• _WHAT YOU NEED TO DO_
Only what runs from the line with "5-Outlet Surge Protector" to the end of the data should appear in the answer, exactly as written and without pictures.

• _SOURCE DATA_
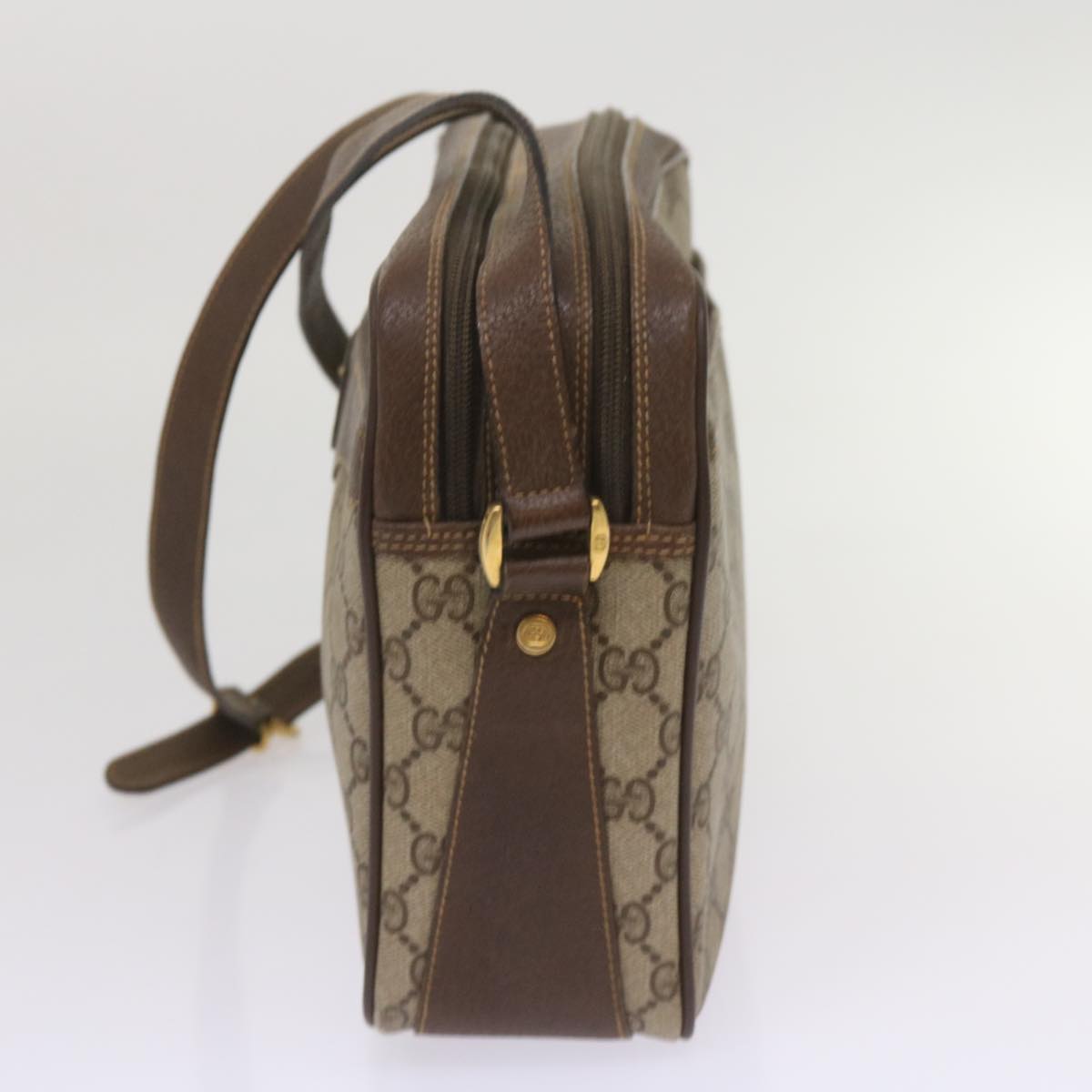 GUCCI GG Supreme Web Sherry Line Shoulder Bag PVC Beige 001 904 0848 Auth 65809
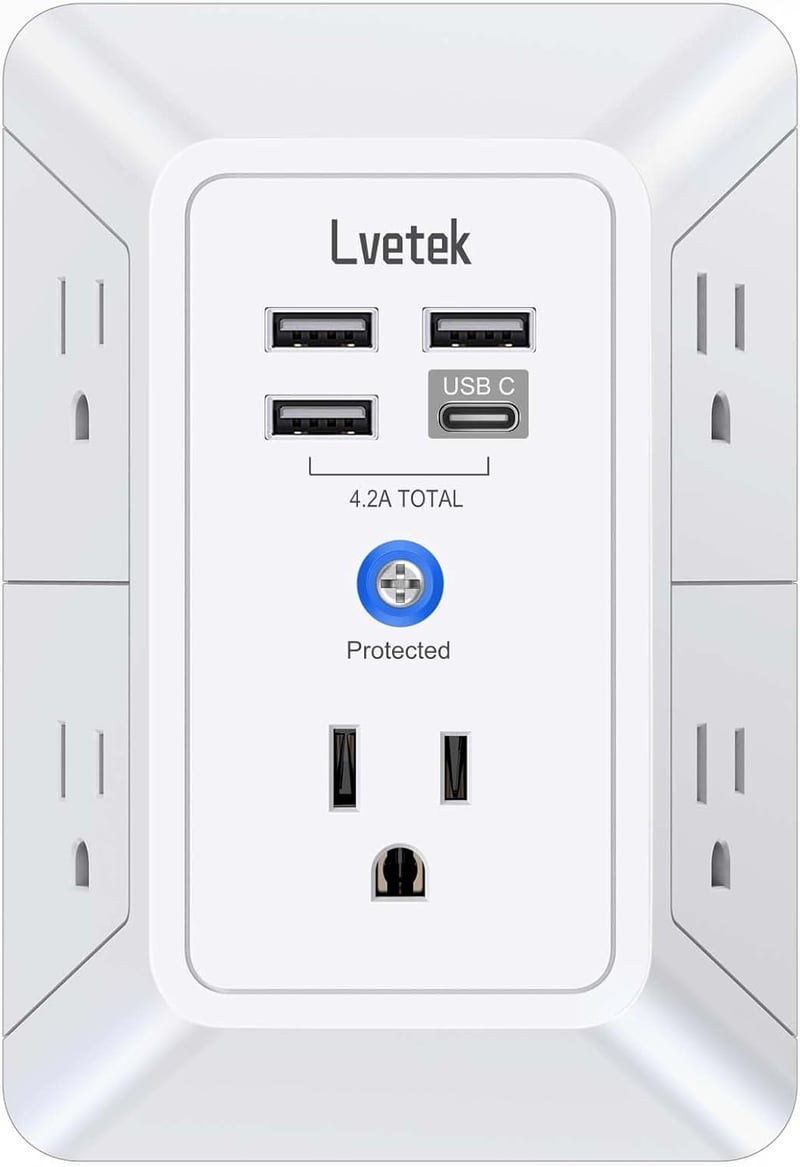 5-Outlet Surge Protector Power Strip with 4 USB Ports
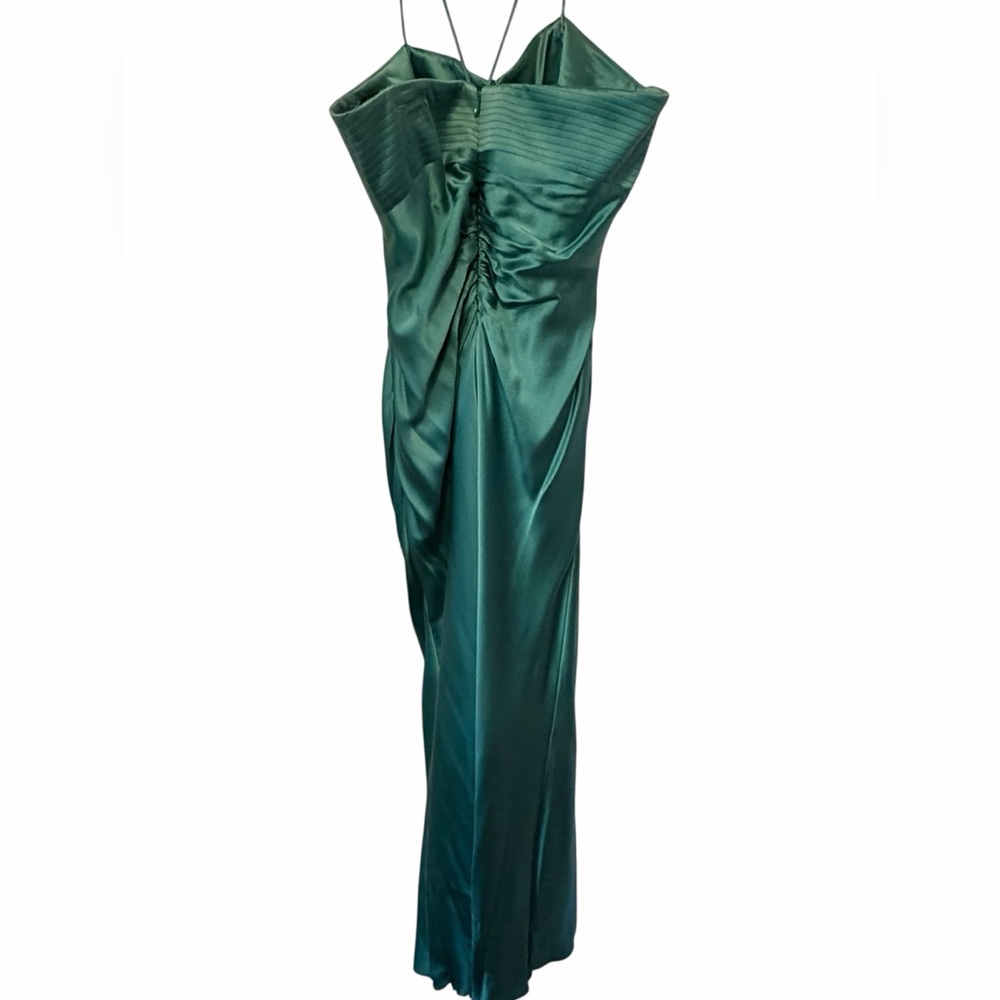Sunny Choi - Chic Emerald Green Silk Slip Dress - Wedding - Size 14 - Picture 3 of 4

• _RESULT OF THE EXERCISE_
 5-Outlet Surge Protector Power Strip with 4 USB Ports
Sunny Choi - Chic Emerald Green Silk Slip Dress - Wedding - Size 14 - Picture 3 of 4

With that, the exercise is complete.